KI-gestützte Fahrzeuggewichtsberechnung
Feuerwehrfahrzeuge unterliegen strengen Gewichtsbeschränkungen, die von der Fahrzeugklasse, den Straßenverkehrsvorschriften und kundenspezifischen Konfigurationen abhängen. Bisher konnte die Prüfung, ob eine geplante Konfiguration diese Grenzwerte einhält, für Ingenieure mehrere Stunden pro Ausschreibung in Anspruch nehmen.
Atira extrahiert die relevanten Spezifikationen aus der Anfrage, gleicht sie mit dem Produktportfolio von Schmitz ab, erstellt eine vorläufige Konfiguration und führt die Gewichtsberechnung automatisch durch. Dies reduziert den manuellen Engineering-Aufwand und hilft dem Team, technische Machbarkeitsrisiken deutlich früher im Prozess zu erkennen.
Überwachung von Ausschreibungsfristen über Microsoft Teams
Atira lässt sich in Microsoft Teams integrieren und erreicht die Mitarbeiter von Schmitz genau dort, wo sie täglich arbeiten.
Agenten weisen direkt in Teams auf anstehende Abgabefristen, offene Aufgaben und fehlende Informationen hin – mit Kontext, der auf die Rolle und die Präferenzen des jeweiligen Mitarbeiters zugeschnitten ist.
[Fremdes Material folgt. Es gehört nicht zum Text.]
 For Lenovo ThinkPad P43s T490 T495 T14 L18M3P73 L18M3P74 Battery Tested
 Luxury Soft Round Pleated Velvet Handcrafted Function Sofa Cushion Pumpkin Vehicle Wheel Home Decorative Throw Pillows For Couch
Das Team kann auf Anfragen reagieren, bevor Fristen verstreichen, ohne manuell den Status über verschiedene Projekte hinweg abfragen zu müssen.
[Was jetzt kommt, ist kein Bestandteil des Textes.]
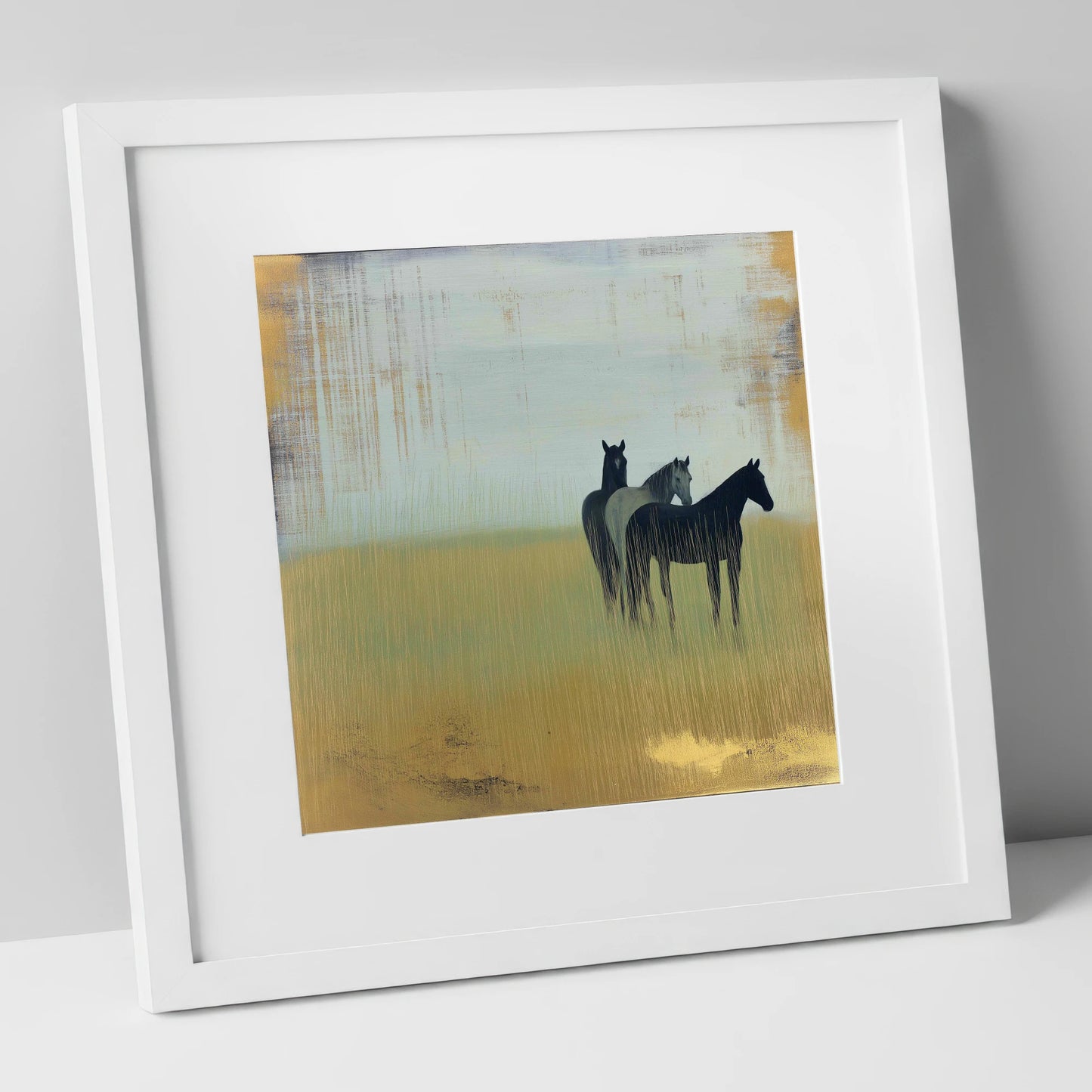 Gilded Meadow Watchers wild horses art print in white frame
Eine Plattform für den gesamten Vertriebsprozess
Alle Ausschreibungsinformationen befinden sich nun an einem zentralen Ort: Klassifizierungen, Gewichtsberechnungen, Bid/No-Bid-Begründungen, offene Aufgaben, Fristen und Projektstatus.
Dies verschafft dem gesamten Vertriebsteam einen gemeinsamen Überblick über jede Chance und ersetzt einen fragmentierten Prozess, der zuvor über individuelle Posteingänge, Tabellenkalkulationen und lokale Dateien verteilt war. Die verbesserte Abdeckung bildet zudem das Fundament für weiterführende Analysen.
.png)
Deal-Flow-Analysen
Erstmals kann Schmitz seine Ausschreibungspipeline systematisch analysieren.
Das Team kann nun identifizieren, welche Ausschreibungsarten die niedrigsten Erfolgsquoten aufweisen, wo die regionale Nachfrage steigt, welche Produktmerkmale am häufigsten angefragt werden und wo ungenutztes kommerzielles Potenzial besteht.
Diese Erkenntnisse bilden die Grundlage für eine datengestützte Vertriebsstrategie und langfristig für einen KI-gesteuerten F&E-Prozess, der sich an der tatsächlichen Marktnachfrage orientiert.